The journey to Nordkapp was long, 28 hours long and three times as expensive as first thought.
The wind is blowing. Strong enough that any tent in the area is held in place using large boulders, and the wind is bitingly cold. My tent is quick to setup, but within seconds of being ready for the first night, the main pole snaps. The middle section is now 3 and the design of the tent relies on a strong and flexible main pole. A repair tube is borrowed, a tent peg is tightly taped around the break but the forces that act on the pole are too high and it slowly sags. As though life was sleepy being drained from its once rigid frame.
I have to share a tent with Sophie, a lass who is running Scandinavia on the same route. Two nights shared until a new solution is found. A pole used to hold the tent up. Not ideal in anything but good weather but a solution better than sleeping amongst the midge and mosquitos. Day after day the landscape stretches out and not even a foot print is seen for days. There is not trail to follow other than the occasional cairn and splat of red paint. Distances become irrelevant as there is no way of working them out and hour after hour is spent with wet feet. Purgatory in the swamp lands of Norway. We travel beneath the sea in a tunnel. We tracker up mountains, me ahead and Sophie following in the distance, never too far that I lose sight of her.
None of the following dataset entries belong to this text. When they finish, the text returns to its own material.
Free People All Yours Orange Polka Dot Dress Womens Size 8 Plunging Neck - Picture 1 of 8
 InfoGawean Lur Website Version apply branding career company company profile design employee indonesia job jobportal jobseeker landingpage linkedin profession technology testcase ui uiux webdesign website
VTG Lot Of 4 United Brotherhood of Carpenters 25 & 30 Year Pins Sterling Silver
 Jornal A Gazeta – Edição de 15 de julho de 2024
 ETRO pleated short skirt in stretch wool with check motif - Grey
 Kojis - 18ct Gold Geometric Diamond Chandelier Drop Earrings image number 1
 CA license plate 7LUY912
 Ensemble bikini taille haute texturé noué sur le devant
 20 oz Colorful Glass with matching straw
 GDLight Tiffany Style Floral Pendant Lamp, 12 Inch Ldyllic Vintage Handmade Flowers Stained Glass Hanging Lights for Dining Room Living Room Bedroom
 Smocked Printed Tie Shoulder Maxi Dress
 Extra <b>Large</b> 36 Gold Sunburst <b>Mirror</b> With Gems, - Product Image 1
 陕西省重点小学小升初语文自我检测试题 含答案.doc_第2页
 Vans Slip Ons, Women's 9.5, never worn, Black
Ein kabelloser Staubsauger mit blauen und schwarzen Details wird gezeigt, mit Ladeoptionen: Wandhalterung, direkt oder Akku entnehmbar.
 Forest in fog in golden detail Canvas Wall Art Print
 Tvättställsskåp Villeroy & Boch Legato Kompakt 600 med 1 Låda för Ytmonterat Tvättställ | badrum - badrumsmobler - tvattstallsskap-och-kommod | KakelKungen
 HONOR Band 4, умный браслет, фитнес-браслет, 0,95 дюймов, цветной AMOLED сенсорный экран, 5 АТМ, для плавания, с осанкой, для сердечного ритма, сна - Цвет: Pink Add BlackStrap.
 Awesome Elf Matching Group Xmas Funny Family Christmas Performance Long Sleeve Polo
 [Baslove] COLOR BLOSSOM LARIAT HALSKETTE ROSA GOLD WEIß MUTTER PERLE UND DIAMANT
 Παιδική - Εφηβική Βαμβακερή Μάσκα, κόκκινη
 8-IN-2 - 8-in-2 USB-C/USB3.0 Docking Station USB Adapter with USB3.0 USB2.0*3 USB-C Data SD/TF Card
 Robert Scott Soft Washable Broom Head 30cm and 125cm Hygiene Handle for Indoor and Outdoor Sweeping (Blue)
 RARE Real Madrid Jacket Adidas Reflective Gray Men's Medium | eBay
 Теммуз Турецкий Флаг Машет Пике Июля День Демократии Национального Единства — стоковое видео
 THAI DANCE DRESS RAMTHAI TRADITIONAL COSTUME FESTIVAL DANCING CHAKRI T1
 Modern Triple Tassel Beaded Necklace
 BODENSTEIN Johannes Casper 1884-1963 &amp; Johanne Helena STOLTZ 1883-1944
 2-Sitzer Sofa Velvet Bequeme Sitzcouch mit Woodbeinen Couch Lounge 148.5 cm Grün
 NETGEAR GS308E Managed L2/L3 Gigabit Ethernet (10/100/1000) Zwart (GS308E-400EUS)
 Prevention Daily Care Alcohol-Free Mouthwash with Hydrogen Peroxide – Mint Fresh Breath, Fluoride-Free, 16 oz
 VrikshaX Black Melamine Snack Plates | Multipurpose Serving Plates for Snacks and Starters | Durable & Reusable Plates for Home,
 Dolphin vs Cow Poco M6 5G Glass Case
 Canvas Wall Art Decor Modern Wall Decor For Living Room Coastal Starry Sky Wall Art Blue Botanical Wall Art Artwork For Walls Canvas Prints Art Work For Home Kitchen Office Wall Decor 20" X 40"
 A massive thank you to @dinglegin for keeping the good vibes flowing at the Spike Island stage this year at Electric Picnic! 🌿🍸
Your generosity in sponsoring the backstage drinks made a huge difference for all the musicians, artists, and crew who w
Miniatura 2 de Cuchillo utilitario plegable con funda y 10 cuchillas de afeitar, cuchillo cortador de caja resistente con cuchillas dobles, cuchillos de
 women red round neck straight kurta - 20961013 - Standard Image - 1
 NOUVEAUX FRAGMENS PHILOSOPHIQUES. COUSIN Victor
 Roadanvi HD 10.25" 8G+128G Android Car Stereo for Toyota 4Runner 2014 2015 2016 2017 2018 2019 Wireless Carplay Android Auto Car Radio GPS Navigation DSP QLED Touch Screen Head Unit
I am concerned about her ability to survive in this environment, and day after day she seems to get slower, her feet covered in blisters and despite her refusal to admit openly, painfully sore.
Day 8 we get lost...
The trail marking vanish and I have to use map and compass to workout where we are, where to head for and eventually across the river is a trail marking. The tension eases, Sophie unleashes some tears, admitting that she is tired & in pain, so it is time to stop and set up camp. A windy and wet eve on a hilltop, a breakfast of nuts, drying clothes and equipment in the gusts of wind and getting ready to head to a spot where we can find shelter. Sophie has decided to leave the trail and head to the bottoM of Scandinavia off the trail. It is beyond her skill set and I can't afford to stay with her. Time is running short as winter approaches and the chances of crossing the Swiss Alps reduces with each delay.
We part and I feel my adventure has now begun. I feel no responsibility other than for myself and it feels good. 80km, a tent pole replacement that never arrived, a bridge collapsing and my camera getting soaked, being freezing cold for what seems like hours and hours, sleeping between a bench and a cairn on a hill top, camping later, increasing the pace and then...
Falling from a rock in a river and without realising till 10km later, damaging my leg.
The pain gets worse until every step feel like a Herculean effort of will. Two days of nonstop and blinding pain. The temptation to press the SOS button, the need to get closer to civilisation and knowing there is 100km of mountain passes, river crossing and marshes before I am likely to even get a mobile signal and all with the background scent of food running out. I eat a cup of powdered milk and drink rapeseed oil left in a cabin. Fuel is fuel and even the foods I dislike are not be ignored.
I now reach more popular trails and meet three Finnish lads, dubbed the Knights that go Ni, a form of agreement in Finnish, where any statement made is likely to be countered with 'Ni', their presence helps get me 60km to the nearest village, a day's rest and trying to solve the issue with my leg, then more km of mountains. The highest on the rite so far with sections of frozen ground and snow, mountains carved and shaped by waterfalls, lakes bigger than any seen so far, snow storm and gales as I cross a mountain pass at 1000m and then a descent to the village of Abisko.
I'm sat here thinking that the terrain and landscape I have been through is increible. I referred to it as hostile in blog posts, but really it is neither hostile of friendly. It is what it is... A landscape that shapes man, and not one shaped by man. Ahead I have the biggest sections of no mans land, interspersed with mountain cabins and I wait to find out about a replacement tent. Without it, my progress is dictated by cabins and I have only the shelter of a survival bag should the weather turn. Autumn has arrived in the Arctic circle and with it the ever present threat of heavy snow and temperatures below zero.
I have new equipment... A 30l bag, adapted to provide more space internally and allow me to store waterproofs on the outside of the pack, I have 15000 calories of food and 6000 calories of Tailwind nutrition (an electrolyte sports drink) and between me and the next opportunity to replenish food supplies lies 250km of mountain wilderness. True wilderness where the chances of meeting a fellow human is low.
Still... The pain, the lack of calories (Aprox 600 calories per day for the first 25), enduring the cold and wet would have been for naught if I am to stop now.